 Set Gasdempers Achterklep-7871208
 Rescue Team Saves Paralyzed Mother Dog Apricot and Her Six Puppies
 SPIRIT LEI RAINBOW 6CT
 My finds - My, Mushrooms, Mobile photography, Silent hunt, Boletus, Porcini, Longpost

___

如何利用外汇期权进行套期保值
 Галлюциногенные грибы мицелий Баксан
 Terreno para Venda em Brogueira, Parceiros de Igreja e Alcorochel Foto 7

___

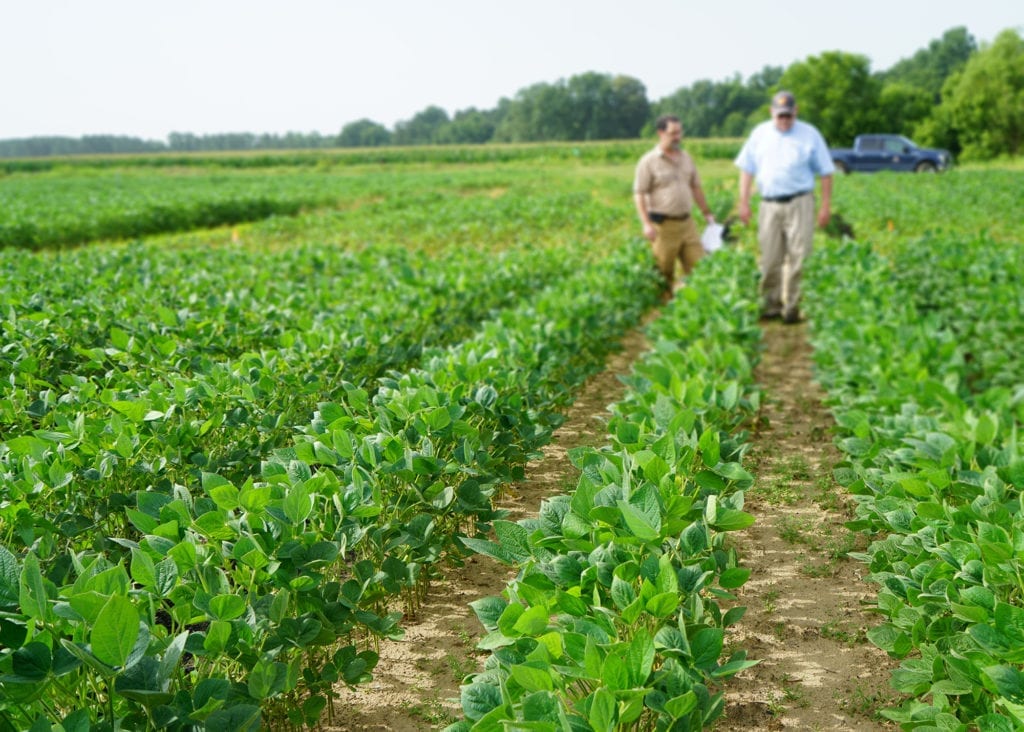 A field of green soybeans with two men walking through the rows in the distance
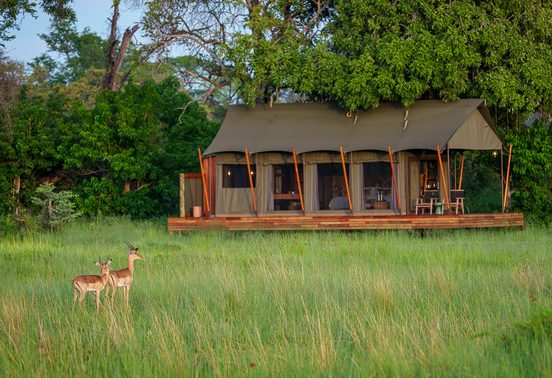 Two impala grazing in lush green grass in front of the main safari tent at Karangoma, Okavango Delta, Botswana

___

Look above for the line holding "如何利用外汇期权进行套期保值" and the line holding "Terreno para Venda". Retype both, and every line between them, word for word and nothing else.

COMPLETED EXERCISE:
如何利用外汇期权进行套期保值
 Галлюциногенные грибы мицелий Баксан
 Terreno para Venda em Brogueira, Parceiros de Igreja e Alcorochel Foto 7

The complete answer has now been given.